#644 製粉工場見学@小川製粉

先日、東北は山形県の㈱小川製粉さんを見学する機会に恵まれました。さて山形県といえば、何を連想しますか?さくらんぼ、りんご、ラ・フランス、将棋の駒、芋煮などいくらでもでてきます。将棋の駒で有名な天童は、駅を降りると天童温泉通りがあり、その歩道を歩くと詰将棋が次から次と現れます。すぐ近くには人間将棋で有名な舞鶴山があります。また山形の風物詩である芋煮会フェスティバルも例年催されています。直径6.5メートルの鍋太郎に、クレーンを使って具材を投入する光景は、どなたも記憶にあるはずです。2018年9月16日の芋煮フェスティバルでは、12,695人に配食し、ギネス認定も受けました。

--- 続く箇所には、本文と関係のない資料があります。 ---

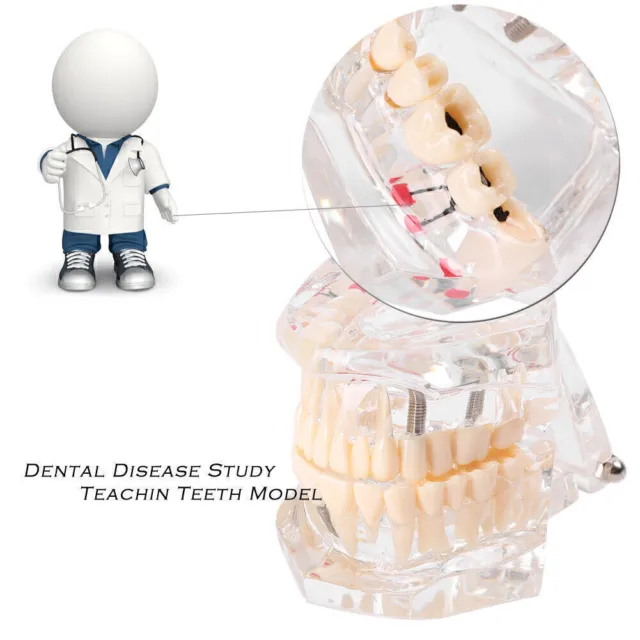 Dental Study Teeth Model Transparent Adult Pathological Disease Tooth New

更には、意外かもしれませんが、山形は知る人ぞ知るラーメン王国でもあります。平成29年3月の「家計調査」によると、「年間1世帯当たりの中華そばの支出金額」では、山形市は15,622円で第1位。全国平均が5,929円なので、ほぼ3倍となります。タウンページ(2017年調査)によると、人口10万人当たりのラーメン店舗数も67.41軒と日本一。つまりラーメンではダントツの日本一となります。こう考えると山形のラーメンは、さぬきうどんにも、勝るとも劣らずといった感じです。しかもラーメン同様、蕎麦も名物で、最近ではラーメンと蕎麦のクロスオーバーである「鳥中華」も人気商品になりました。これは蕎麦に使用する和風だしと鶏肉を使用したあっさり風味のラーメンです。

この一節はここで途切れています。